1. The problem statement, all variables and given/known data

Water flows with a speed v down a rectangular pipe of dimensions s and l as shown. What is the rate $\Phi=volume\, per\, unit\, time$
at which water accumulates in the bucket?

2. Relevant equations
$\Phi=\int_S\mathbf{v}\cdot d\mathbf{a}$

3. The attempt at a solution

I am confused as to how to compute this integral. I do not see how could use the divergence theorem to simplify it since I only have the dimensions of the 2-dim surface of the rectangular pipe.

I am not sure how to evaluate the surface integral based solely on its definition. Can someone help to get me started?

Do I just use the definition $\Phi=\int_S\mathbf{v}\cdot d\mathbf{a}$ for this?

2. Dec 29, 2008

Any suggestions would be appreciated.

3. Dec 29, 2008

### Dick

Sure, flux is integral v.dA. If the velocity is uniform that's just v*A. Isn't it? Why do you want to use the divergence theorem? This problem sure looks simple to me.

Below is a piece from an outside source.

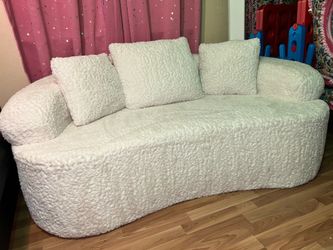 Plush Floor Sofa in Teddy fabric only $199.999- READ Description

Is this some kind of a trick?

4. Dec 29, 2008

I just don't know anymore :sad: I think I am getting stupider and stupider.

I don't know what he is looking for (Griffith's Intro to Electrodynamics problem 1.32 2nd ed.).

I don't want to just memorize formulas. I want to compute the integrals. But I get all effed up when I get a surface integral no matter how simple. If I have to use the definition, I get all flustered.

How do I compute the integral?

I get,

$\phi=\int_S v \cdot da$
$=\int_S v*da\cos\theta$
$=\int_S v*da$
$=\int_s\int_l v*(dsdl)=v*s*l$

is that right?

The reason I want to do this right is that the next three parts of the problem have angles and \$hit that I'll and non-uniform velocities that I will have to deal with.

5. Dec 29, 2008

### Dick

Yes, that's right. It's v*A=v*s*l. cos(theta)=1.